Archive for August, 2017
GONE GULL by Donna Andrews: Book Review
Full disclosure–this is the first Meg Langslow mystery I’ve read. It’s important to state that because there’s obviously a lot of backstory; this is the twenty-first book in the series, so I feel as if there’s a great deal that I’m missing. That being said, Gone Gull is a delightful read.
Meg is a blacksmith by profession, rather unusual in itself, as well as an artist creating wrought-iron sculptures. In her latest adventure, Meg, her husband, and their twin sons are spending the summer at the Biscuit Mountain Craft Center in Virginia, a new venture started by her grandmother Cordelia. Meg is heading a blacksmithing workshop, Michael is in charge of the children’s drama class, and various other artists/craftspeople are teaching painting, photography, and jewelry-making, to name just a few of the offerings available.
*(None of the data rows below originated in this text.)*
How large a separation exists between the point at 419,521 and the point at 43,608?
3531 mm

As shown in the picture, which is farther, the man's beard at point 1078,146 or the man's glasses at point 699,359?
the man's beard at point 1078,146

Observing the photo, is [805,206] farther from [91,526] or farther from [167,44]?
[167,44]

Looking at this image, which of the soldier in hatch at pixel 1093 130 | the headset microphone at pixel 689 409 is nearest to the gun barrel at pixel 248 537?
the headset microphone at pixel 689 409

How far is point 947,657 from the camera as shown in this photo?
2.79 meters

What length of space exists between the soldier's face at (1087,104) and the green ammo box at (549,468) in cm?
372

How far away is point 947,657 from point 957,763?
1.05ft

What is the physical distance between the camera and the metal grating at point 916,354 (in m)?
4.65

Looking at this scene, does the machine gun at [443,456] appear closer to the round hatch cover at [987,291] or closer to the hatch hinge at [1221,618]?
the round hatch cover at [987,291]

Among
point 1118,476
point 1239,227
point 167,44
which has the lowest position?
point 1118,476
The novel opens at the beginning of the Center’s second week of classes. The first week’s classes could be considered a success except for the fact of middle-of-the-night vandalism in several of the rooms: prints destroyed in the photography studio, the potter’s kiln tampered with, windows left open during a rainstorm that destroyed students’ artwork. Cordelia is worried that if this continues and the students become aware of the extent of the damage, a number of them will leave and demand their money back.
Meg has taken to making certain that the artists’ studios are secured when no one is using them. She’s checking all the doors and windows one morning before classes begin when she gets to the room of the Center’s most difficult artist–Edward Prine. Prine, a man who fancied himself a ladies’ man and made himself a nuisance to several women students, is lying on the floor with a knife in his back. Students and staff agree that Prine was certainly an annoying man, but was that sufficient motive for murder?
Meg’s family is large and eccentric, several of them spending the summer at the Center. At the head of the Center is her independent-minded grandmother Cordelia, never married to Meg’s grandfather; her grandfather, Dr. Blake, a world-famous biologist and ornithologist with a chronically bad temper; her father, a physician who views murder as a chance to do some amateur detecting; and various cousins with the expertise necessary to help Meg find the killer of Edward Prine.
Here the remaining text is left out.